Work instruction
Skip any image you find and restate the rest of the data word for word.

Input data
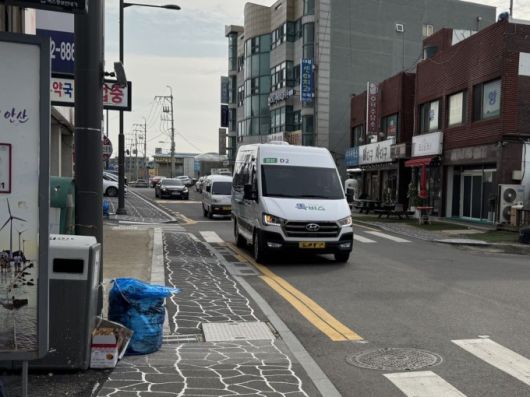 경기도의 수요응답형 교통서비스 '똑버스'. [사진=경기도]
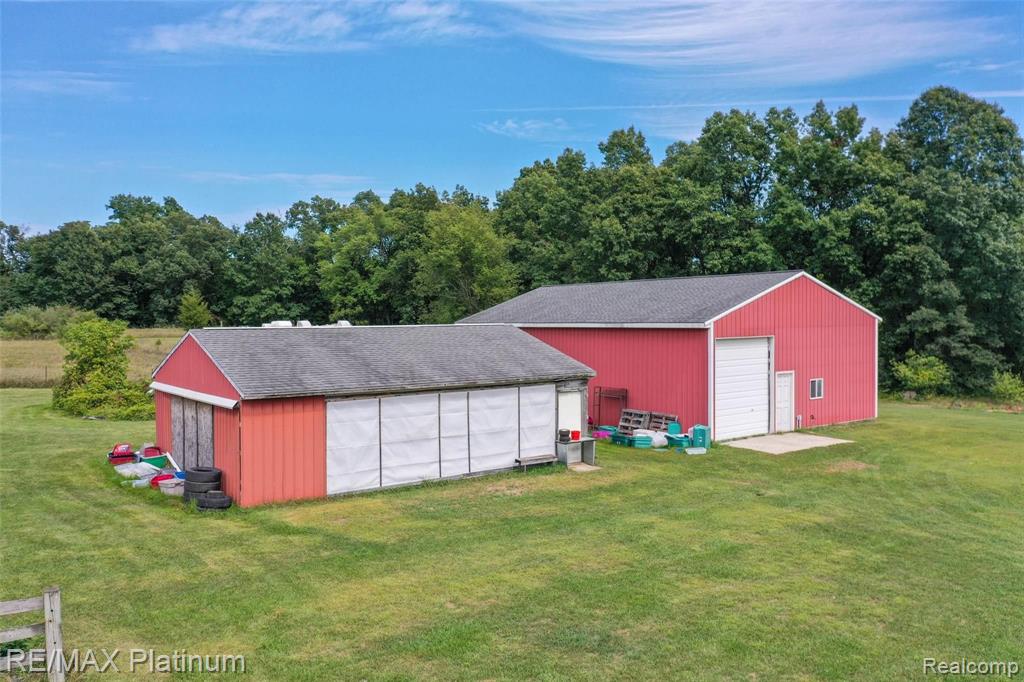 7498 Silver Lake Road Linden, MI 48451 - Photo 50 of 59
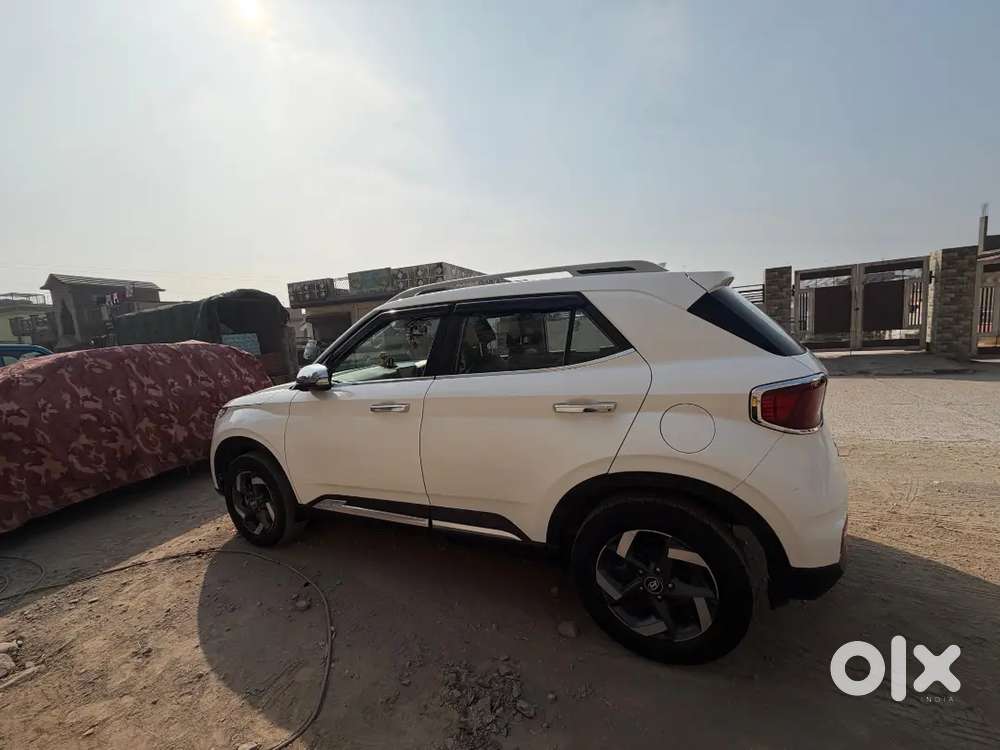 Hyundai Venue 1.0 Turbo Gdi Dct Sx+ (top Variant)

Response
 경기도의 수요응답형 교통서비스 '똑버스'. [사진=경기도]
 7498 Silver Lake Road Linden, MI 48451 - Photo 50 of 59
 Hyundai Venue 1.0 Turbo Gdi Dct Sx+ (top Variant)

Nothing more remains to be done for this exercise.